• Work to be completed: For the entries below, the result should be an exact transcription of the lines from the one with "Miu Miu Leather" up to and including the one with "Autour du type", and only those.

• Information:

########################################

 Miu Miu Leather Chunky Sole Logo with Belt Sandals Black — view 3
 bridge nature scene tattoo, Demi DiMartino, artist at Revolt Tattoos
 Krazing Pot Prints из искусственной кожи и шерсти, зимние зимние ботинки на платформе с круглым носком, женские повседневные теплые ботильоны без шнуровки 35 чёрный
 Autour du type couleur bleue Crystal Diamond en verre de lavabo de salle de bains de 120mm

########################################

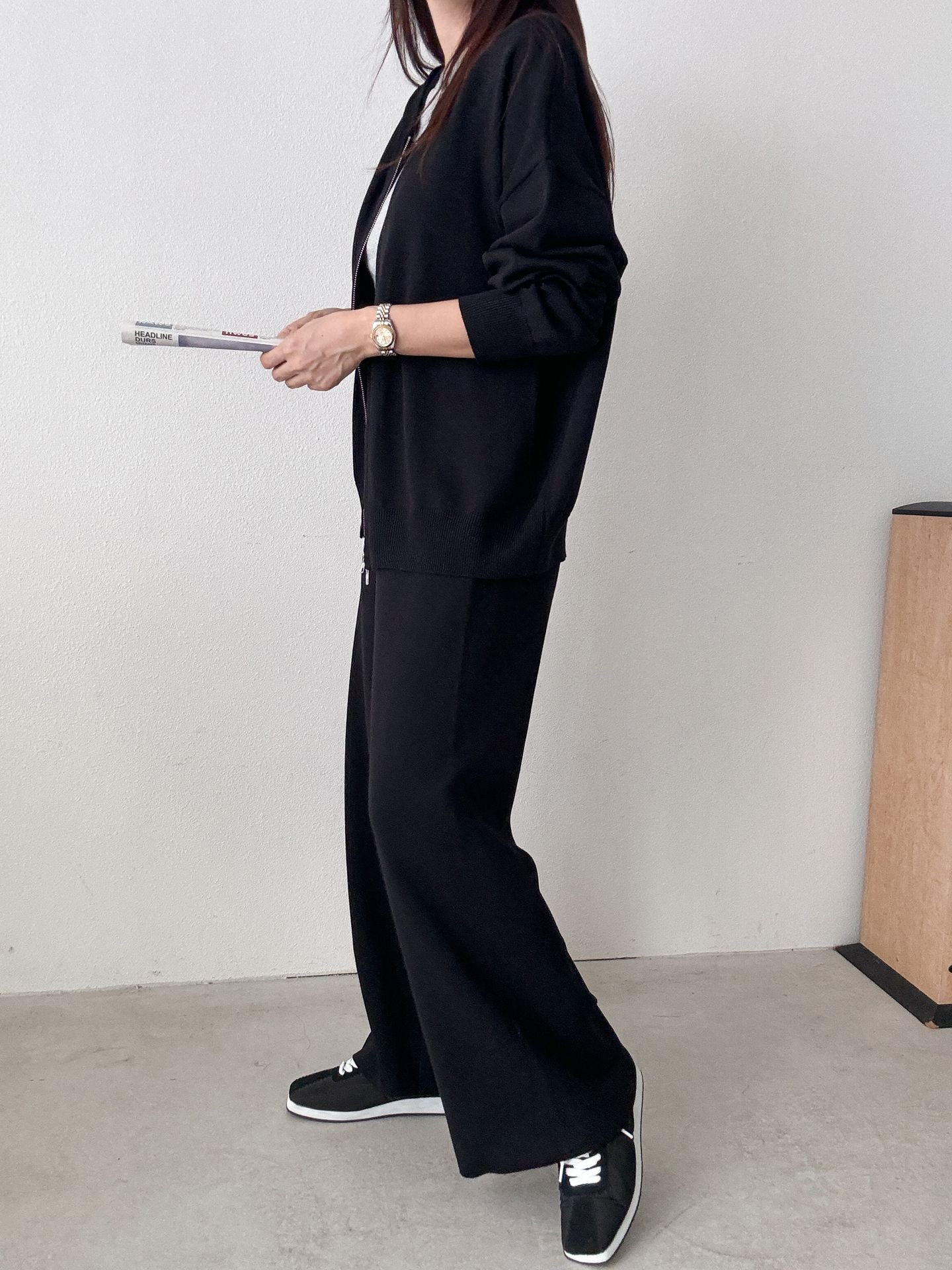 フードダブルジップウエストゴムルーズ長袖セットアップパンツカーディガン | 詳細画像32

########################################

• Solution to this exercise:
 Miu Miu Leather Chunky Sole Logo with Belt Sandals Black — view 3
 bridge nature scene tattoo, Demi DiMartino, artist at Revolt Tattoos
 Krazing Pot Prints из искусственной кожи и шерсти, зимние зимние ботинки на платформе с круглым носком, женские повседневные теплые ботильоны без шнуровки 35 чёрный
 Autour du type couleur bleue Crystal Diamond en verre de lavabo de salle de bains de 120mm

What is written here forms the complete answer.